*** Opening of Data for this exercise ***
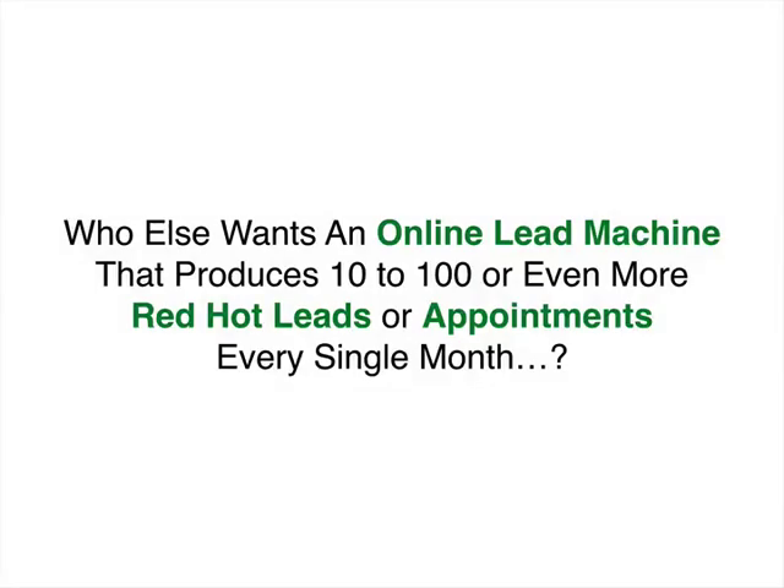Who else wants an automated online lead machine that produces 10 to 100 or even more red-hot leads or appointments every single month? The key here is automated. It's Joe here, and welcome to the presentation. You're going to discover how you can get a boatload of leads every single month into your business — predictable leads that happen every single month without you having to work any harder or know any of the tech stuff. So if generating 10 to 100 or even more appointments or leads every single month excites you, then keep watching. You're in the right place.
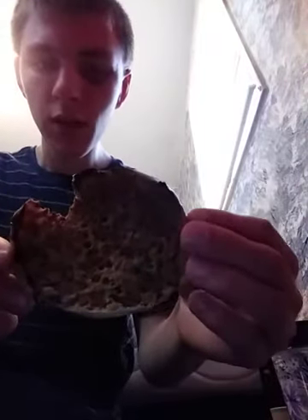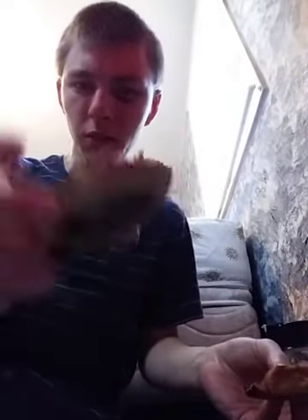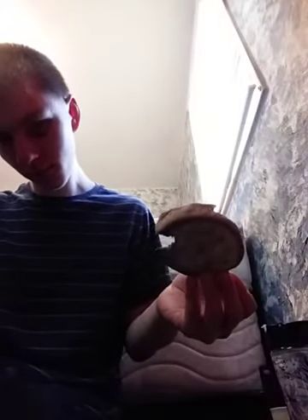Hey everyone, welcome back to another video. Today I'm going to be reviewing a Thomas 100% whole wheat English muffin. I got one side with nothing on it, and one side has peanut butter on it.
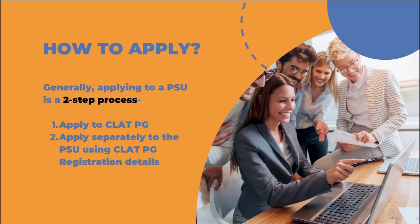Next is how to apply to a PSU. Applying can be of two kinds: one is a PSU that has its own independent exam, and second is PSUs that hire through the CLAT-PG examination. Since these PSUs hire through the CLAT-PG scorecard, you will obviously have to apply for the CLAT-PG examination first. The second step is that whenever a PSU advertises their vacancies, you will also have to separately apply to that PSU using your CLAT-PG registration details. Some candidates mistakenly believe that applying for CLAT-PG automatically makes them eligible for a PSU interview — that is not the case.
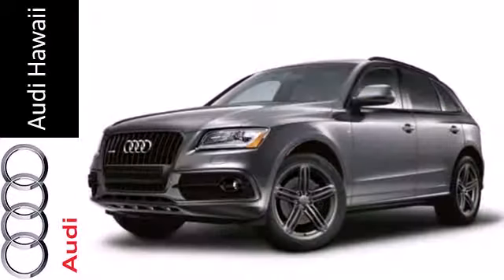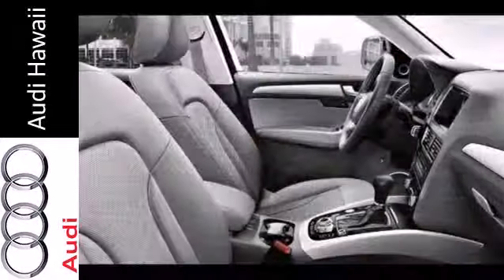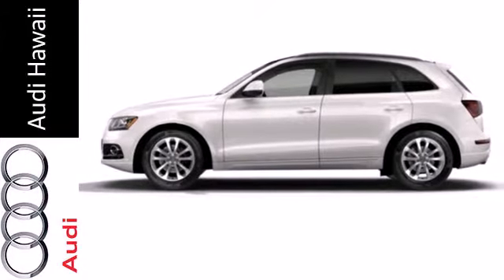All-wheel drive and stability and traction control helps improve your control. It's conveniently equipped with climate control, rain-sensing wipers, keyless entry, heated mirrors, and multifunction steering wheel.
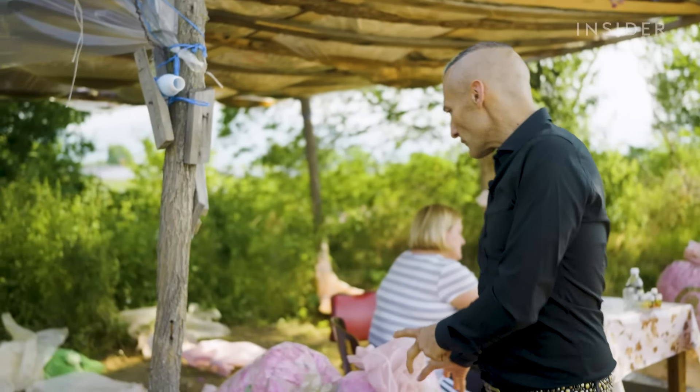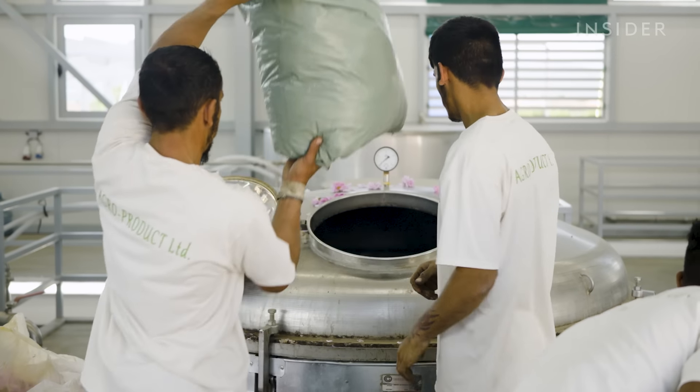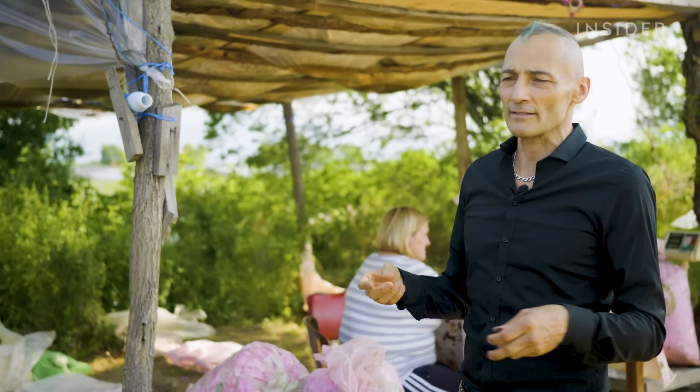That's Christophe Lodamiel. He's a master perfumer who's created scents for brands like Ralph Lauren and Tom Ford. He's at the distillery today on a consulting visit.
*** Close of Data for this exercise ***
**Directions for this task**
All entries above should be returned exactly, apart from their pictures.

**Exercise solution**
Who else wants an automated online lead machine that produces 10 to 100 or even more red-hot leads or appointments every single month? The key here is automated. It's Joe here, and welcome to the presentation. You're going to discover how you can get a boatload of leads every single month into your business — predictable leads that happen every single month without you having to work any harder or know any of the tech stuff. So if generating 10 to 100 or even more appointments or leads every single month excites you, then keep watching. You're in the right place.
Hey everyone, welcome back to another video. Today I'm going to be reviewing a Thomas 100% whole wheat English muffin. I got one side with nothing on it, and one side has peanut butter on it.
Next is how to apply to a PSU. Applying can be of two kinds: one is a PSU that has its own independent exam, and second is PSUs that hire through the CLAT-PG examination. Since these PSUs hire through the CLAT-PG scorecard, you will obviously have to apply for the CLAT-PG examination first. The second step is that whenever a PSU advertises their vacancies, you will also have to separately apply to that PSU using your CLAT-PG registration details. Some candidates mistakenly believe that applying for CLAT-PG automatically makes them eligible for a PSU interview — that is not the case.
All-wheel drive and stability and traction control helps improve your control. It's conveniently equipped with climate control, rain-sensing wipers, keyless entry, heated mirrors, and multifunction steering wheel.
That's Christophe Lodamiel. He's a master perfumer who's created scents for brands like Ralph Lauren and Tom Ford. He's at the distillery today on a consulting visit.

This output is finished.